Continue to play things halfway. The market has made solid progress during the past two weeks, increasing the odds that a low has been formed. That said, few growth stocks have kicked into gear, and the longer-term trend is still down. We continue to fine-tune our watch list, but tonight, we’re standing pat in the Model Portfolio with five stocks and a cash position near 52%.

WHAT TO DO NOW: Continue to play things halfway. The market has made solid progress during the past two weeks, increasing the odds that a low has been formed. That said, few growth stocks have kicked into gear, and the longer-term trend is still down. We continue to fine-tune our watch list, but tonight, we’re standing pat in the Model Portfolio with five stocks and a cash position near 52%.

Current Market Environment

The markets were up and down today, but stayed mostly on the upside and completed a rebound from yesterday’s correction. At the close, the Dow was virtually flat, up just 18 points, and the Nasdaq showed more strength by tacking on 22 points.

It’s been a solid two weeks for the market. Both our Cabot Tides (intermediate-term trend) and Two-Second Indicator (health of the broad market) are now positive. This is the first time both have been green for a few months, and it’s definitely an encouraging sign that the market may have turned the corner.

That said, there are still headwinds out there. Our Cabot Trend Lines (longer-term trend) remain negative, and few stocks are hitting new highs (fewer than 40 nearly every day on the Nasdaq, for instance). Not that we need to see 200 stocks hitting new highs before turning bullish, but there’s a definite lack of leadership, especially among growth stocks.

The real question on everyone’s mind is whether the rally of the past three weeks has put in a sustained bottom to this multi-month correction, or whether this rebound is more like the October-November upmove, which led to another leg down.

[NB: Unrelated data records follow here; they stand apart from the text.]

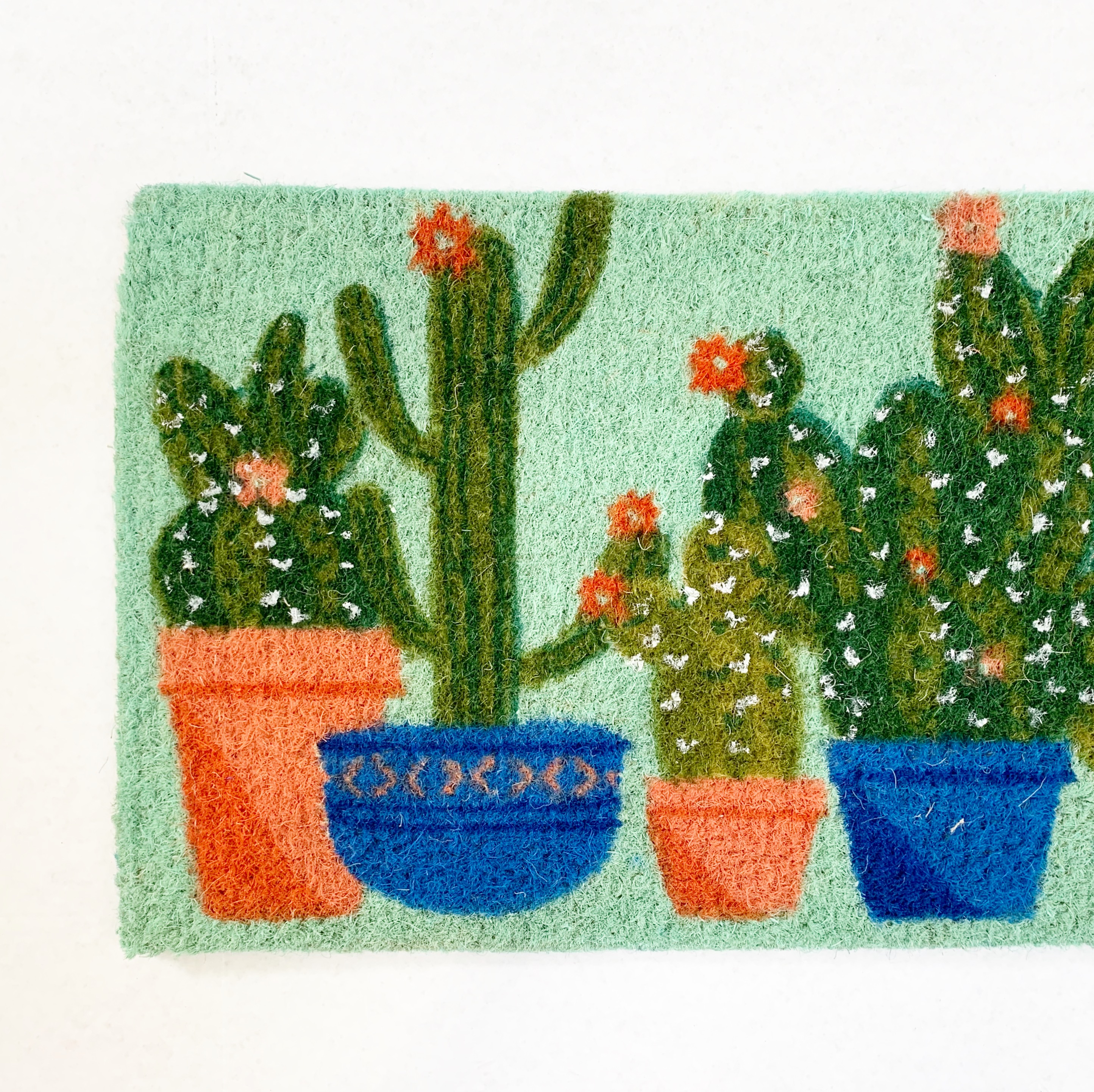 Better Homes and Gardens Cactus Doormat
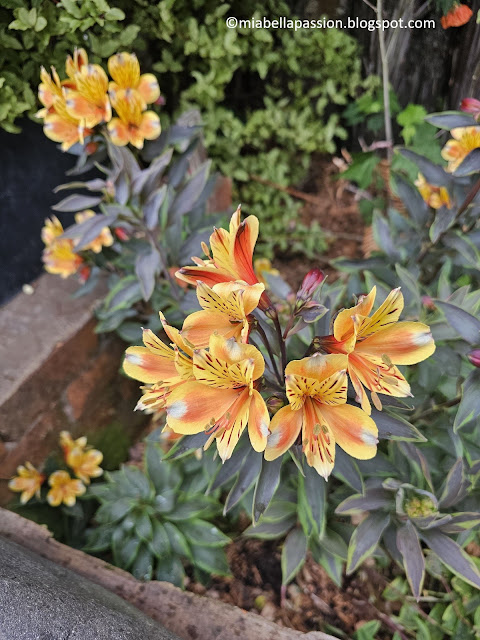 Alstroemeria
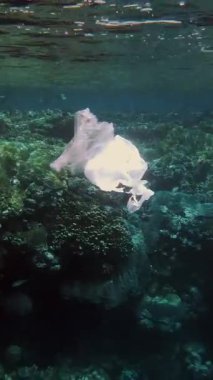 Denizde çöp. Denizin plastik kirliliği. Kullanılmış, beyaz plastik torbalar mercan resifinde, suyun altında, güneş ışığında yavaşça sürükleniyorlar. Plastik atık çevresel kirlilik sorunu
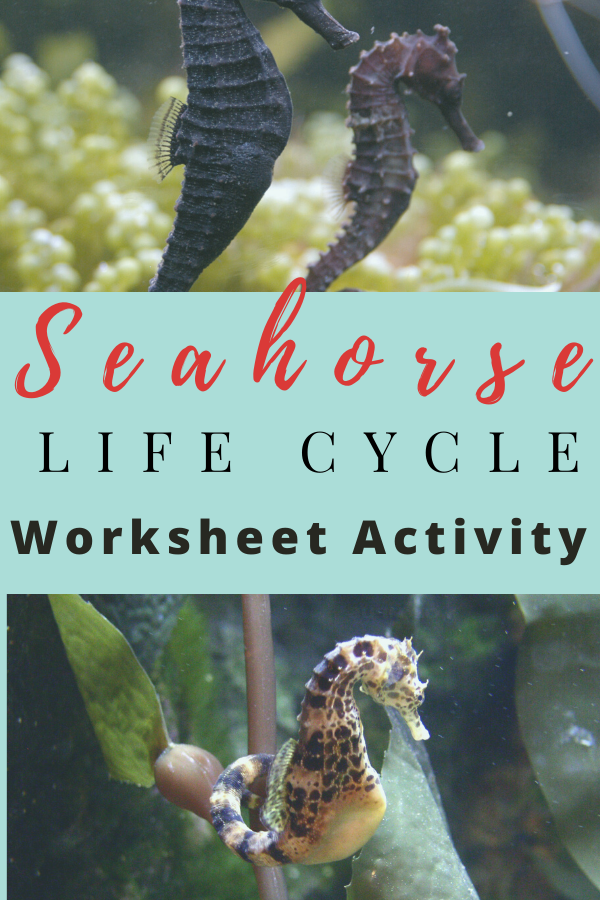 seahorse_lifecycle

If forced to choose, we’d favor the “bottom is in” scenario, based on the extremes we saw in late-January/early-February in breadth and sentiment, and the improvement in the broad market—we’ve finally seen the beaten-down groups build some decent-looking bottoms and thrust higher in a significant way. (Getting the worst groups to find a low is important for overall market health.)

As usual, though, what counts to us most aren’t predictions but current conditions. Right now, we’ve seen enough evidence to begin putting money to work, but we haven’t seen enough to continue the buying spree. We’re looking for more individual growth stocks to lift off to “pull” us into a more heavily invested position, along with further market strength.

Thus, for now, we’ll stand pat with our five stocks and a cash position of around 52%. We continue to fine-tune our watch list and we are ready to pounce if growth stocks kick into gear—but for now, we advise you to continue to go slow and see how the market handles itself following its recent rally.

Model Portfolio

Facebook (FB 108) crawled into resistance near 110 last week and has since fallen a few points. We can’t say the stock is strong overall, but nothing much has changed—it’s still etched higher highs and higher lows in recent months (unlike most growth stocks) and remains above key moving averages. Fundamentally, a couple of news items caught our eye—first, Facebook is looking to stream Thursday night NFL games, and second, it looks like 2017 will see digital ad spending overtake TV ad spending for the first time. Both items show just how pervasive the company’s business can be in the years ahead. If you own FB, sit tight. If you don’t, you can buy some around here. BUY.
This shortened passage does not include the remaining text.